2.3. Behavioural tests

2.3.1. Light/dark box

The light/dark box is an anxiogenic task, which tests the tendency of a mouse to explore new environments versus the aversiveness of a brightly lit area [32]. The test was carried out using the equipment and procedure described in [28]. Briefly, the test was started by placing the mouse in the middle of the light side, facing away from the door separating the two compartments. The latency to cross (with all four paws) to the dark side, the amount of time spent in the dark side, and the number of transitions between the two compartments, were measured over the next 5 minutes.

2.3.2. Successive alleys

The apparatus consisted of four linearly connected wooden alleys of increasing anxiogenic character, as described in [28,33]. Mice were initially placed at the back of Alley 1 (the least anxiogenic), facing away from the open end. They were observed for 5 minutes and the latency to enter each alley (with all four paws), the number of entries into each alley, and the time spent on each section were recorded.

2.3.3. Elevated plus maze

The plus maze consisted of four arms (35cm x 6cm) arranged in a cross formation: two non-anxiogenic closed arms with 20cm-high walls and two anxiogenic open arms without walls [34]. It was elevated 70cm above the ground and placed in a brightly lit room with a digital video camera mounted overhead. Individual mice were placed at the junction of the open and closed arms, in a 6cm x 6cm centre square, facing the open arm opposite the entrance to the testing room. Their movements were recorded for 5 minutes. An automated tracking system (Any-maze, Stoelting, Wisconsin, USA) was used to record the time spent in each region, the number of entries to each region, the latency to enter an open arm, and the total distance covered.

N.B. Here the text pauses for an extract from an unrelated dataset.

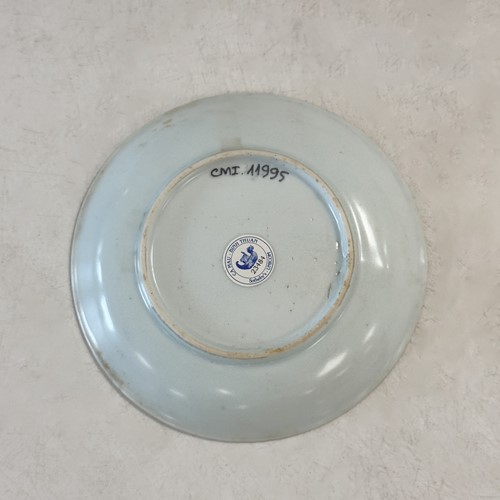 Lot 24 - Four Chinese export blue and white tea bowls and saucers from the Ca Mau cargo, 18th century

2.3.4. Low anxiety open field

The open field test measures basal activity (squares crossed) and direct exploration (rears). The open field was a grey PVC arena with no additional illumination, as described in [28]. Mice were initially placed in a corner square, facing the walls, and observed for 3 minutes. The total number of squares crossed, the latency to first rear, and the total number of rears, were measured. The number of faecal boli and the presence of urine was noted, as an indication of anxiety [28].

2.4. Data analysis

All statistical analyses were performed with Prism 5 (Graphpad Software, La Jolla, California, USA). Statistical testing (Two-way ANOVA with gender and genotype as the two factors) indicated there was no statistically significant effect of gender on the results obtained. Thus data from female and male mice were pooled. When the data distribution permitted, a Student’s t-test was performed. Otherwise, data were analysed using the Mann-Whitney U-test. P<0.05 was considered statistically significant.

3. Results

3.1. Expression of Kir6.2 in nV59M mice

We used a Cre-lox approach to target expression selectively to neurones (nV59M mice). This approach is preferable to global expression of Kir6.2, as it avoids any confounding effects due to the high blood glucose concentration and severe diabetes observed when Kir6.2-V59M is targeted to pancreatic beta cells [30]. Mice expressing a floxed Kir6.2-V59M transcript (ROSA+/- mice) [30] were crossed with mice expressing the nestin promoter (Nes-cre+) to generate nV59M mice and littermate controls. Expression of wild-type and V59M Kir6.2 mRNA in control and nV59M mice was verified using semi-quantitative PCR (Fig. 1). To distinguish between WT and mutant mRNA we exploited the fact that introduction of the V59M mutation removes a unique BtsCI restriction site in the Kcnj11 cDNA, which prevents its cleavage. Thus, the presence of two bands on the gel indicates WT Kcnj11 mRNA alone whereas three bands indicates the presence of both WT and mutant (V59M) Kcnj11 mRNAs. As Figure 1B shows, V59M mRNA was expressed in brain tissue from nV59M but not that of control mice.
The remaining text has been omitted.